*** Task material Section Begins ***

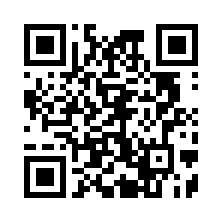 QR Code for 1JCMoN68ipTNeeNWxr5d5cscKtViU2FPPz
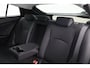 Toyota Prius 1.8 First Edition | Navigatie | Head-up display | Dodehoek detectie | Stoelverwarming | Keyless | 17 inch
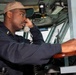 Ike Conducts Planned Incremental Availability maintenance period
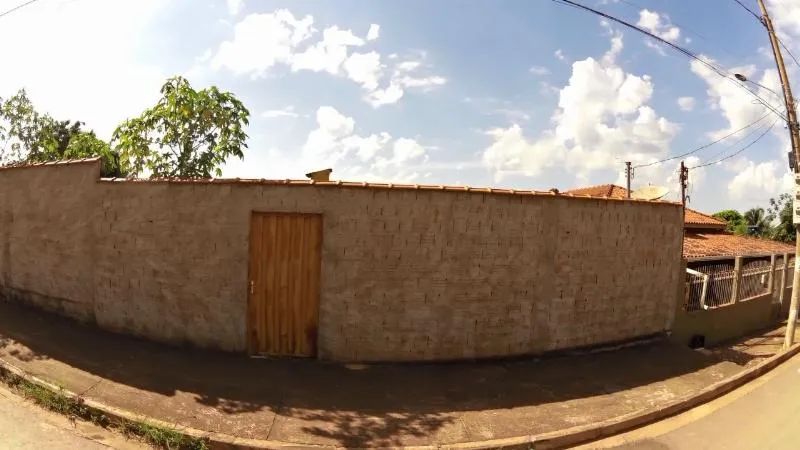 Terreno no bairro Dom Bosco em Cuiabá - MT - Foto 2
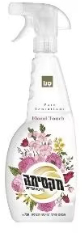 Balsam pentru rufe umede/uscate Sano Dryer Floral Touch 0.75 l 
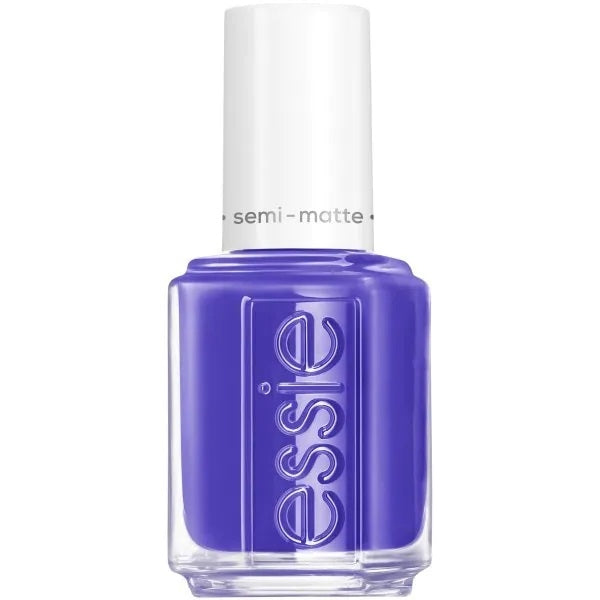 Essie Nail Polish 792 Serving Looks-BeautyNmakeup.co.uk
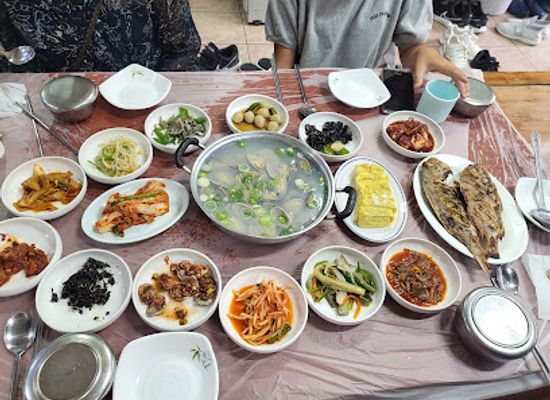 south-korea/mokpo/restaurant/baekseong-restaurant
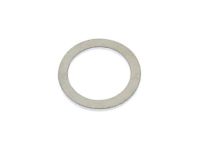 Mopar 68152213AA Washer Banjo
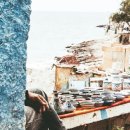 송송덮밥 이미지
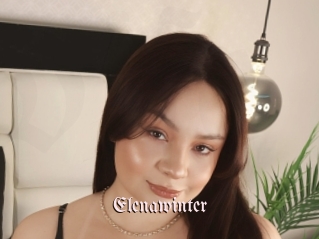 Elenawinter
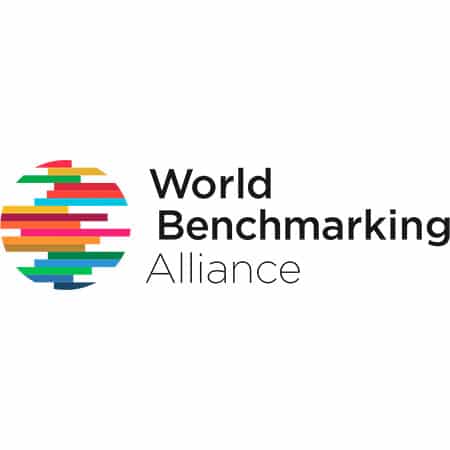wba logo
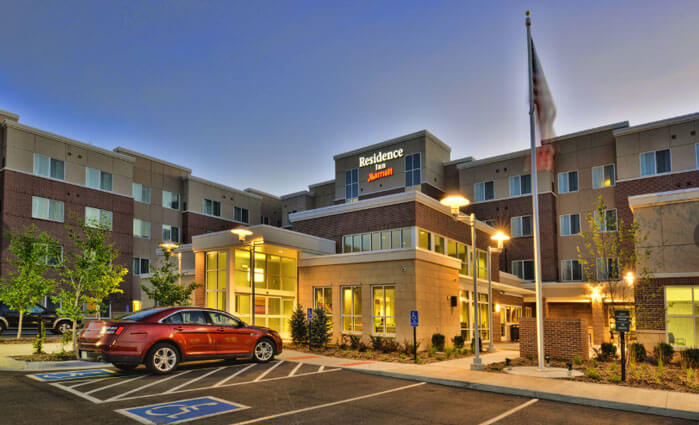 Residence-Inn-Aksarben Residence-Inn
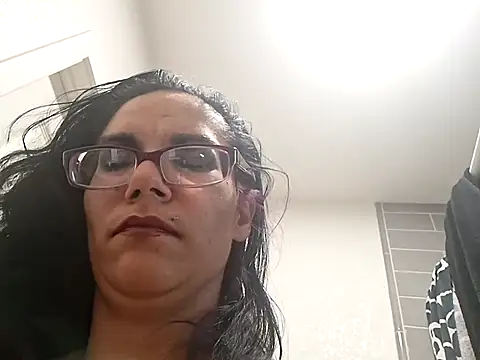 ManaB88 online show from June 29, 2:29 am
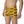 Furrow & Fields Boxer Briefs JCB 3CX Sitemaster SRS Boxer Briefs – Yellow Quality Farmers Merch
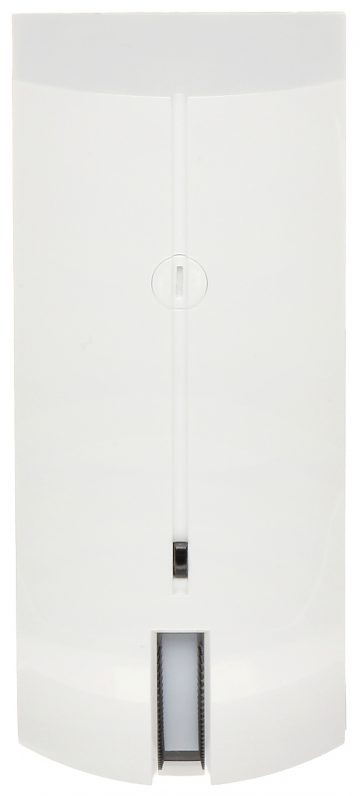 BEZVADU DUĀLAIS AIZKARA TIPA KUSTĪBAS DETEKTORS MIKROVIĻŅI + PIR AOCD-260 ABAX/ABAX2 SATEL BEZVADU DUĀLAIS AIZKARA TIPA KUSTĪBAS DETEKTORS MIKROVIĻŅI + PIR AOCD-260 ABAX/ABAX2 SATEL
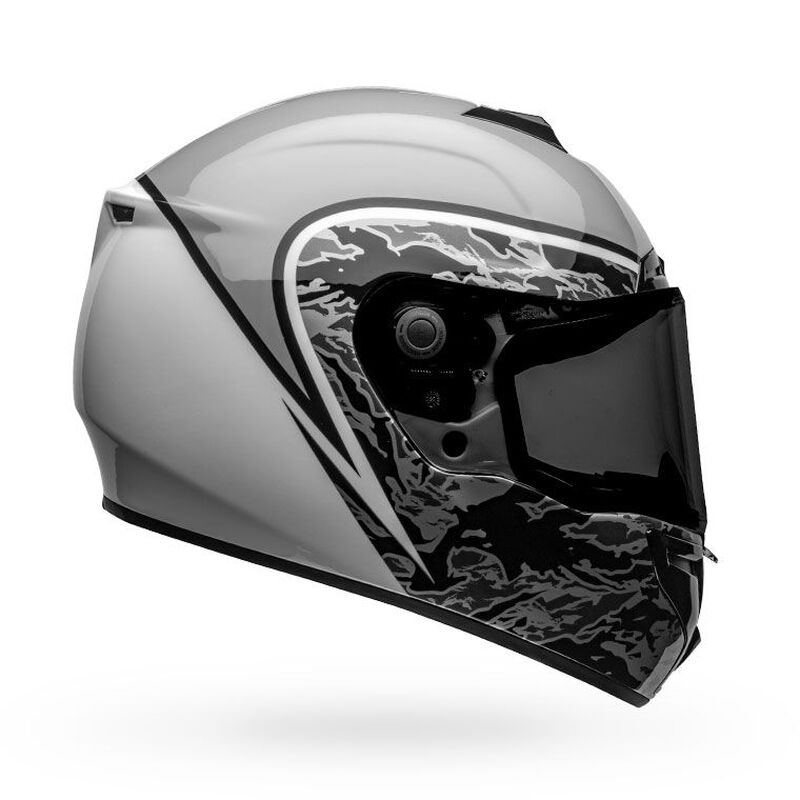 Srt Bell Helmets
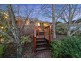 18 Kinleyside Crescent, Weetangera ACT 2614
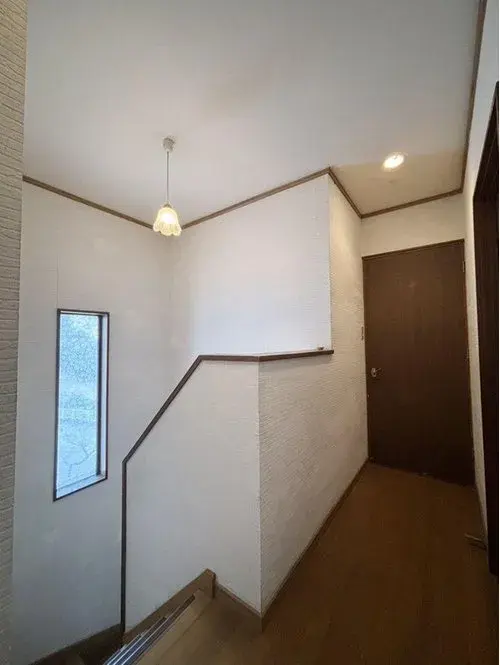 Slide 9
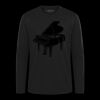 ATC™ PRO TEAM LONG SLEEVE YOUTH TEE Thumbnail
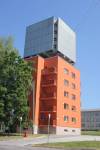 FF140725-132214.JPG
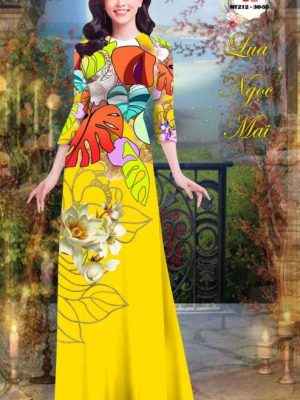 1638157316 vai ao dai cao cap dep (7)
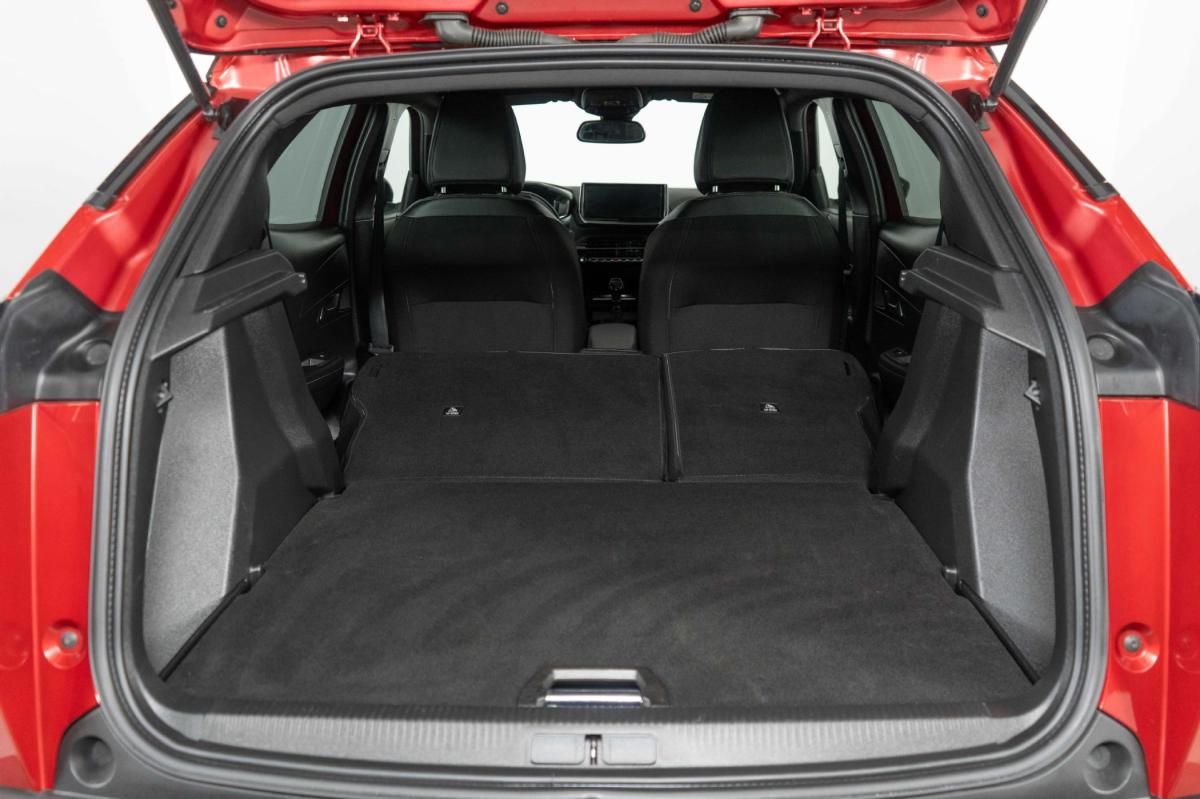 peugeot-2008-2024-gasolina-1199cc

*** Task material Section Ends ***

What you return must match, line for line, the records from the line containing "FF140725-132214.JPG" through their end, with both ends included and no pictures.

*Written solution*.
 FF140725-132214.JPG
 1638157316 vai ao dai cao cap dep (7)
 peugeot-2008-2024-gasolina-1199cc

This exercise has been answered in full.